= Stuart Cameron (town planner) =

Stuart Cameron is Senior Lecturer at School of Architecture, Planning & Landscape, Newcastle University in the United Kingdom. He has been the first Director of Global Urban Research Unit.

A sociologist and town planner by background, his current research and publications are on area-based regeneration, urban regeneration, social exclusion and housing and the linkages between them. His current works focus on the housing systems, social inclusion, and implications of policies involving the physical restructuring of unpopular neighbourhoods with a European comparative element. Cameron is a member of the Royal Town Planning Institute.

==Early life==
Cameron graduated with a Bachelor of Arts in Sociology from the University of Exeter.

==Research projects==
- Studies of minority ethnic housing, housing association development in rural areas.
- Scoping report on social inclusion in the North East England.
- Regeneration research for the DETR and ODPM (now Department for Communities and Local Government) on Co-ordination of Area-based Initiatives.
- DEMOLOGOS Project on Development Models and Logics of Socioeconomic Organization
- KATARSIS Project on Growing Inequality and Social Innovation: Alternative Knowledge and Practice in Overcoming Social Exclusion in Europe.

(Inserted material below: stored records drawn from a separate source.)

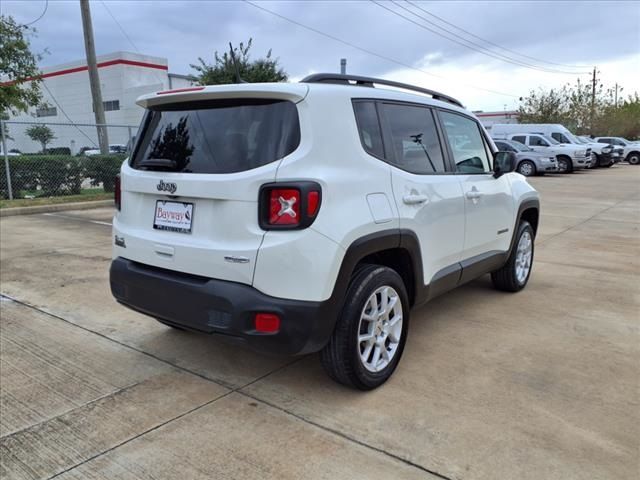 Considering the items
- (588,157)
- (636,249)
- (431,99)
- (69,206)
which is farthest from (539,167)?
(431,99)

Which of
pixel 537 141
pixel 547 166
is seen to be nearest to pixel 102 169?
pixel 547 166

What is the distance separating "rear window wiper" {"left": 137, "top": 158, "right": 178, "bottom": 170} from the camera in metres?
3.03

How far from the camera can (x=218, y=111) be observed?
2.96 metres

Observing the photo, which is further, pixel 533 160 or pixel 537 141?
pixel 537 141

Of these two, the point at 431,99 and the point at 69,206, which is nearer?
the point at 431,99

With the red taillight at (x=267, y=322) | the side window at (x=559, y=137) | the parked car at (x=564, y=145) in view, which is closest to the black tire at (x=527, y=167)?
the parked car at (x=564, y=145)

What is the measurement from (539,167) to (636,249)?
623 inches

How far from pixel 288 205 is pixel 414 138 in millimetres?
1415

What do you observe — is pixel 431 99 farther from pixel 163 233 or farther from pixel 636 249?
pixel 636 249

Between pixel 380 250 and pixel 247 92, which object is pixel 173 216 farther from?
pixel 380 250

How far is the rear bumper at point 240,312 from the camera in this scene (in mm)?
2650

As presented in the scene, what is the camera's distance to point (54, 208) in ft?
37.7

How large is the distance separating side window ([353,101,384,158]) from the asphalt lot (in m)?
1.51

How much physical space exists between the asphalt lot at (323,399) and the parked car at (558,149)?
19.7 metres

== Prominent publications ==
- "From Low Demand to Rising Aspirations: Housing Market Renewal within Regional and Neighbourhood Regeneration Policy," Housing Studies, Vol. 21, No. 1, 3–16, January 2006.
- "Strategic partnerships and area-based initiatives; West Cumbria in comparative context" in R Wylie(ed): Governance in a Stakeholder Society, Whitehaven: Westlakes Research Institute. 2004.